Bar Louie hired an investment banker to sell the chain of 134 restaurants last fall, but three letters of intent turned up no deal. Now the Addison, Texas-based chain has filed for Chapter 11 bankruptcy protection, is closing 38 stores and is seeking bids from its secured lenders, for a minimum bid of $82.5 million, in hopes of attracting a new buyer.
“No two Bar Louie restaurants are alike,” says Bar Louie’s promotional materials in a pitch often made to franchisees, who were allowed unusual freedom to cater their stores to local markets. “Each individual Bar Louie contains its own set of diverse characteristics, yet we offer operational systems and a roadmap to set up franchisees for success.”
It’s ironic, then, that “inconsistent brand experience” was cited as one of three reasons for the decline at the chain.
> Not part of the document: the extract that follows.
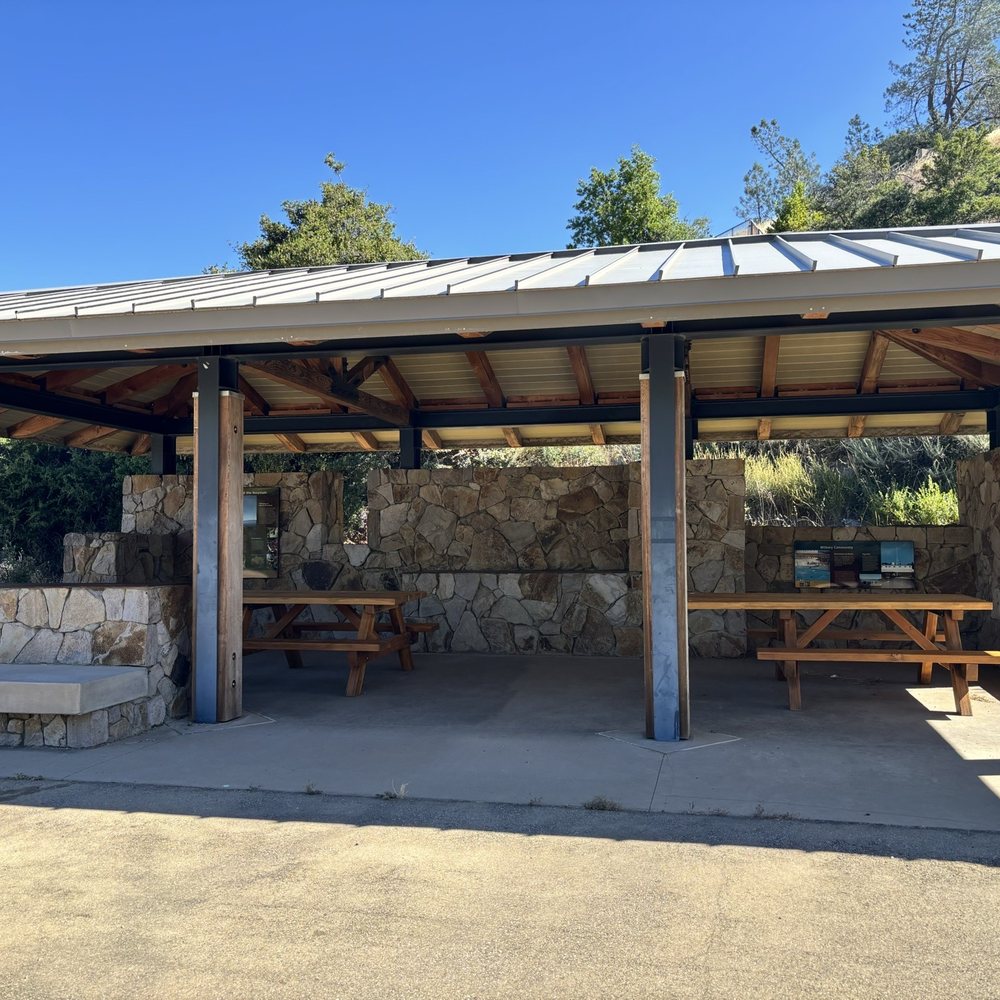 Mount Umunhum - Picnic area at the beginning of the trail - Hiking Near Me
The other two were recent expansion and decreased traffic at malls.
Revenue was down 3.7 percent to $252 million last year, and the declines were “accelerating,” the company said. Its bankruptcy filing lists more than $100 million in debt.
The sale through Chapter 11 “will help us to focus on our profitable core locations and expand in areas that have a proven track record of success,” said Tom Fricke, CEO, in a statement. Private equity firm Sun Capital Partners bought Bar Louie in 2010.